It is hypothesized by New York University Egyptologist Patricia Blackwell Gary and Astronomy senior editor Richard Talcott that the shapes of the ancient Eygyptian pyramid and obelisk were derived from natural phenomena associated with the sun (the sun-god Ra being the Egyptians' greatest deity).[2] The pyramid and obelisk would have been inspired by previously overlooked astronomical phenomena connected with sunrise and sunset: the zodiacal light and Sun pillars, respectively.

The Romans were infatuated with obelisks, to the extent that there are now more than twice as many obelisks standing in Rome as remain in Egypt. All fell after the Roman period except for the Vatican obelisk and were re-erected in different locations.

The tallest Egyptian obelisk graces the square in front of the Lateran Basilica in Rome.

Not all the Egyptian obelisks re-erected in the Roman Empire were set up at Rome. Herod the Great imitated his Roman patrons and set up a red granite Egyptian obelisk in the hippodrome (racetrack) of his grand new city Caesarea in northern Judea. It was discovered by archaeologists and has been re-erected at its former site.

In Constantinople, the Eastern Emperor Theodosius shipped an obelisk in AD 390 and had it set up in his hippodrome, on a specially-built base, where it has weathered Crusaders and Seljuks and stands in the Hippodrome square in modern Istanbul.

Rome is the obelisk capital of the world. The most prominent is the 25.5 m obelisk at Saint Peter's Square in Rome. The obelisk had stood since AD 37 on its site on the wall of the Circus of Nero, flanking St Peter's Basilica:

"The elder Pliny in his Natural History refers to the obelisk's transportation from Egypt to Rome by order of the Emperor Gaius (Caligula) as an outstanding event. The barge that carried it had a huge mast of fir wood which four men's arms could not encircle. One hundred and twenty bushels of lentils were needed for ballast. Having fulfilled its purpose, the gigantic vessel was no longer wanted.
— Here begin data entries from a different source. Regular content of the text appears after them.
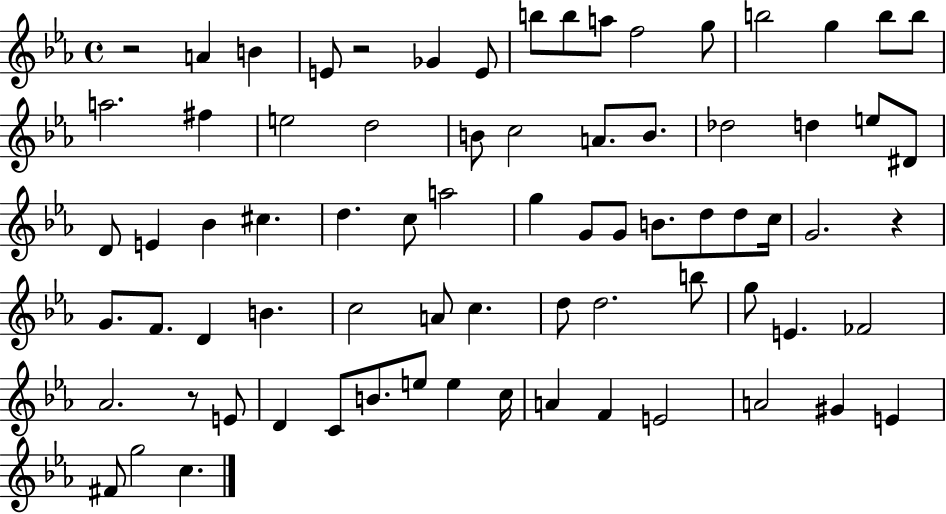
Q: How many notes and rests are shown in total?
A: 75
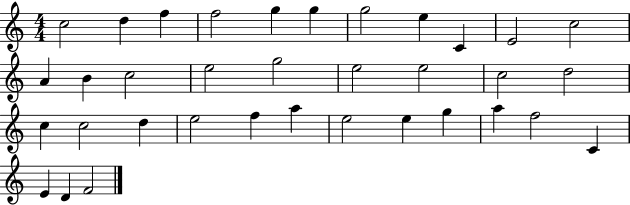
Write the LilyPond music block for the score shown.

{
  \clef treble
  \numericTimeSignature
  \time 4/4
  \key c \major
  c''2 d''4 f''4 | f''2 g''4 g''4 | g''2 e''4 c'4 | e'2 c''2 | \break a'4 b'4 c''2 | e''2 g''2 | e''2 e''2 | c''2 d''2 | \break c''4 c''2 d''4 | e''2 f''4 a''4 | e''2 e''4 g''4 | a''4 f''2 c'4 | \break e'4 d'4 f'2 | \bar "|."
}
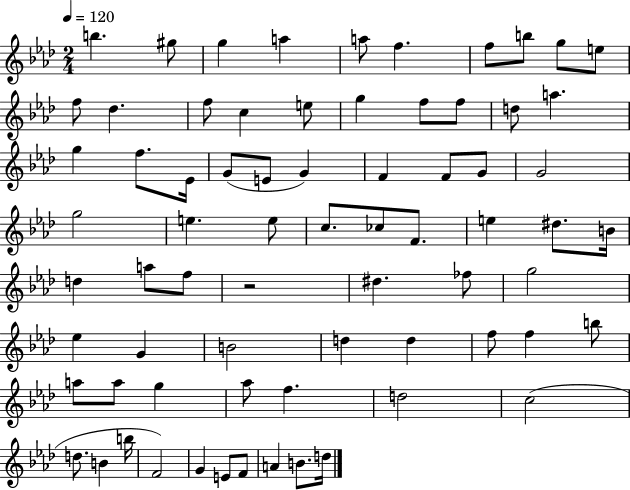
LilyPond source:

{
  \clef treble
  \numericTimeSignature
  \time 2/4
  \key aes \major
  \tempo 4 = 120
  b''4. gis''8 | g''4 a''4 | a''8 f''4. | f''8 b''8 g''8 e''8 | \break f''8 des''4. | f''8 c''4 e''8 | g''4 f''8 f''8 | d''8 a''4. | \break g''4 f''8. ees'16 | g'8( e'8 g'4) | f'4 f'8 g'8 | g'2 | \break g''2 | e''4. e''8 | c''8. ces''8 f'8. | e''4 dis''8. b'16 | \break d''4 a''8 f''8 | r2 | dis''4. fes''8 | g''2 | \break ees''4 g'4 | b'2 | d''4 d''4 | f''8 f''4 b''8 | \break a''8 a''8 g''4 | aes''8 f''4. | d''2 | c''2( | \break d''8. b'4 b''16 | f'2) | g'4 e'8 f'8 | a'4 b'8. d''16 | \break \bar "|."
}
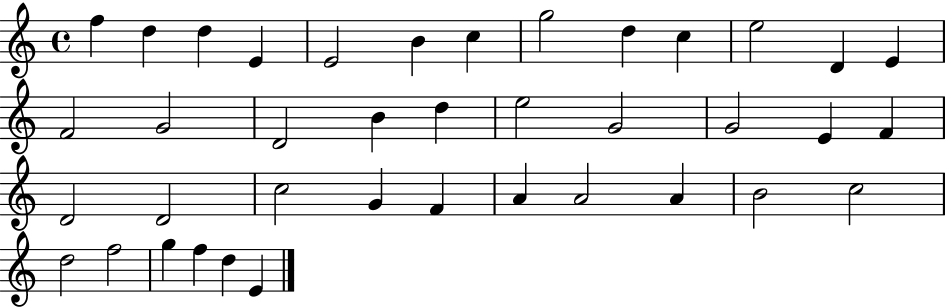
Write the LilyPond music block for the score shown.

{
  \clef treble
  \time 4/4
  \defaultTimeSignature
  \key c \major
  f''4 d''4 d''4 e'4 | e'2 b'4 c''4 | g''2 d''4 c''4 | e''2 d'4 e'4 | \break f'2 g'2 | d'2 b'4 d''4 | e''2 g'2 | g'2 e'4 f'4 | \break d'2 d'2 | c''2 g'4 f'4 | a'4 a'2 a'4 | b'2 c''2 | \break d''2 f''2 | g''4 f''4 d''4 e'4 | \bar "|."
}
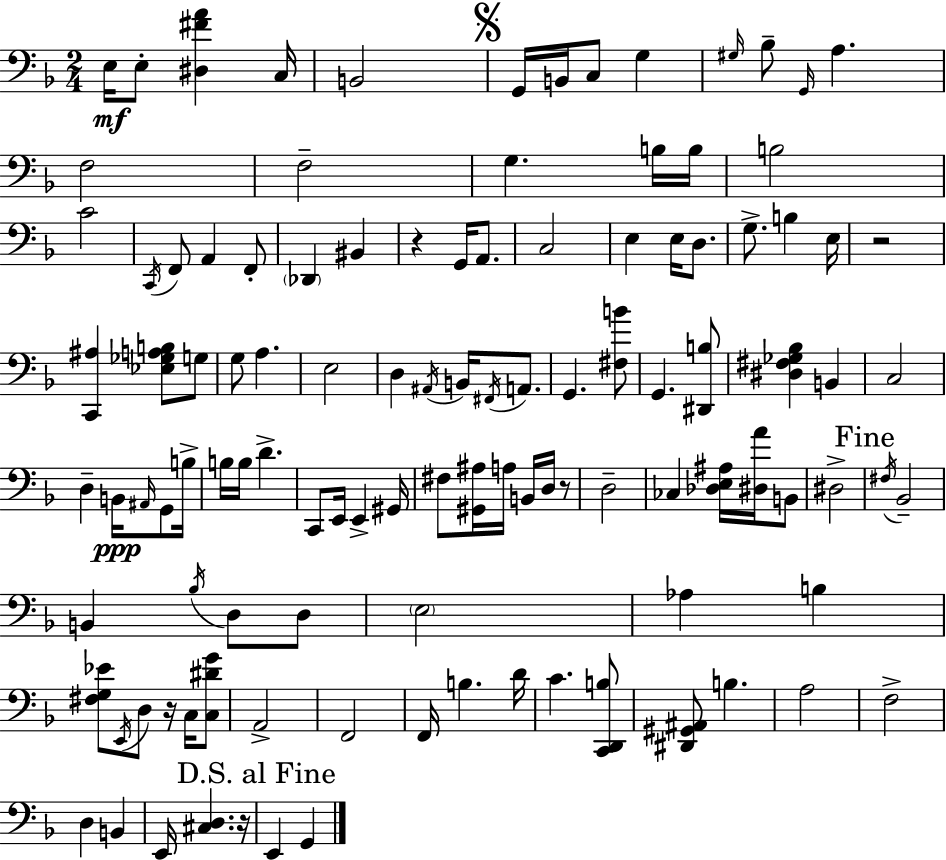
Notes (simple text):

E3/s E3/e [D#3,F#4,A4]/q C3/s B2/h G2/s B2/s C3/e G3/q G#3/s Bb3/e G2/s A3/q. F3/h F3/h G3/q. B3/s B3/s B3/h C4/h C2/s F2/e A2/q F2/e Db2/q BIS2/q R/q G2/s A2/e. C3/h E3/q E3/s D3/e. G3/e. B3/q E3/s R/h [C2,A#3]/q [Eb3,Gb3,A3,B3]/e G3/e G3/e A3/q. E3/h D3/q A#2/s B2/s F#2/s A2/e. G2/q. [F#3,B4]/e G2/q. [D#2,B3]/e [D#3,F#3,Gb3,Bb3]/q B2/q C3/h D3/q B2/s A#2/s G2/e B3/s B3/s B3/s D4/q. C2/e E2/s E2/q G#2/s F#3/e [G#2,A#3]/s A3/s B2/s D3/s R/e D3/h CES3/q [Db3,E3,A#3]/s [D#3,A4]/s B2/e D#3/h F#3/s Bb2/h B2/q Bb3/s D3/e D3/e E3/h Ab3/q B3/q [F#3,G3,Eb4]/e E2/s D3/e R/s C3/s [C3,D#4,G4]/e A2/h F2/h F2/s B3/q. D4/s C4/q. [C2,D2,B3]/e [D#2,G#2,A#2]/e B3/q. A3/h F3/h D3/q B2/q E2/s [C#3,D3]/q. R/s E2/q G2/q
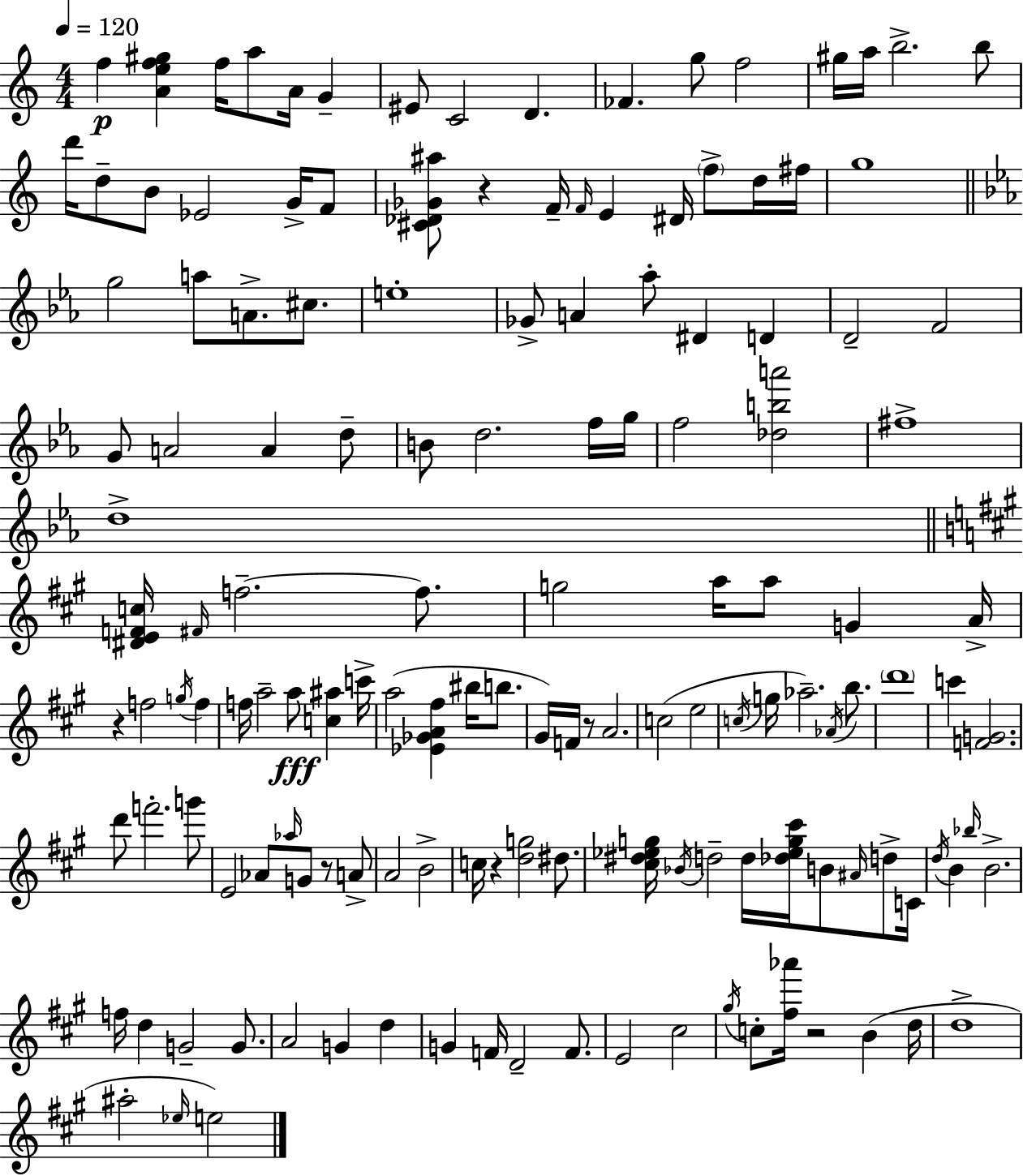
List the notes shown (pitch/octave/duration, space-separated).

F5/q [A4,E5,F5,G#5]/q F5/s A5/e A4/s G4/q EIS4/e C4/h D4/q. FES4/q. G5/e F5/h G#5/s A5/s B5/h. B5/e D6/s D5/e B4/e Eb4/h G4/s F4/e [C#4,Db4,Gb4,A#5]/e R/q F4/s F4/s E4/q D#4/s F5/e D5/s F#5/s G5/w G5/h A5/e A4/e. C#5/e. E5/w Gb4/e A4/q Ab5/e D#4/q D4/q D4/h F4/h G4/e A4/h A4/q D5/e B4/e D5/h. F5/s G5/s F5/h [Db5,B5,A6]/h F#5/w D5/w [D#4,E4,F4,C5]/s F#4/s F5/h. F5/e. G5/h A5/s A5/e G4/q A4/s R/q F5/h G5/s F5/q F5/s A5/h A5/e [C5,A#5]/q C6/s A5/h [Eb4,Gb4,A4,F#5]/q BIS5/s B5/e. G#4/s F4/s R/e A4/h. C5/h E5/h C5/s G5/s Ab5/h. Ab4/s B5/e. D6/w C6/q [F4,G4]/h. D6/e F6/h. G6/e E4/h Ab4/e Ab5/s G4/e R/e A4/e A4/h B4/h C5/s R/q [D5,G5]/h D#5/e. [C#5,D#5,Eb5,G5]/s Bb4/s D5/h D5/s [Db5,Eb5,G5,C#6]/s B4/e A#4/s D5/e C4/s D5/s B4/q Bb5/s B4/h. F5/s D5/q G4/h G4/e. A4/h G4/q D5/q G4/q F4/s D4/h F4/e. E4/h C#5/h G#5/s C5/e [F#5,Ab6]/s R/h B4/q D5/s D5/w A#5/h Eb5/s E5/h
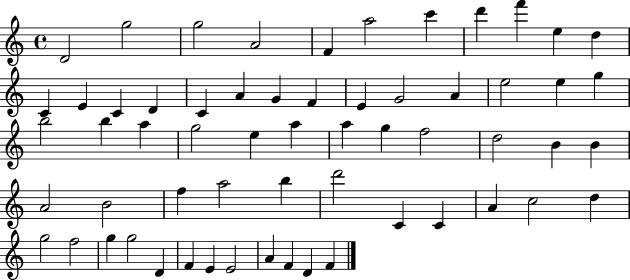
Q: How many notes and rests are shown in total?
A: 60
Therefore, filled with stones and cement, it was sunk to form the foundations of the foremost quay of the new harbour at Ostia."[3]

Re-erecting the obelisk had daunted even Michelangelo, but Sixtus V was determined on erecting it directly in front of St Peter's, of which the nave was yet to be built, and had a full-sized wooden mock-up erected within months of his election. An uproar of suggested projects ensued, but Domenico Fontana, the assistant of Giacomo Della Porta in the Basilica's construction, presented the Pope with a little model crane of wood and a heavy little obelisk of lead, which Sixtus himself was able to raise by turning a little winch with his finger. Fontana had the project. The obelisk, half-buried in the debris of the ages, was first excavated as it stood; then it took from April 30 to May 17 1586 to move it on rollers to the Piazza: it required nearly 1000 men, 140 carthorses, 47 cranes. The re-erection, scheduled for September 14, the Feast of the Exaltation of the Cross, stunned an enormous crowd of silent onlookers. It was a famous feat of engineering, which made the reputation of Fontana, who detailed it in a book magnificently illustrated with copperplate etchings, Della Trasportatione dell’Obelisco Vaticano et delle Fabriche di Nostro Signore Papa Sisto V (1590),[4][5] which itself set a new standard in communicating technical information and influenced subsequent architectural publications by its meticulous precision.[6] Before being re-erected the obelisk was cautiously exorcised. It is said that Fontana had teams of relay horses to make his getaway if the enterprise failed. When Carlo Maderno came to build the nave, he had to put the slightest kink in its axis, to line it precisely with the obelisk.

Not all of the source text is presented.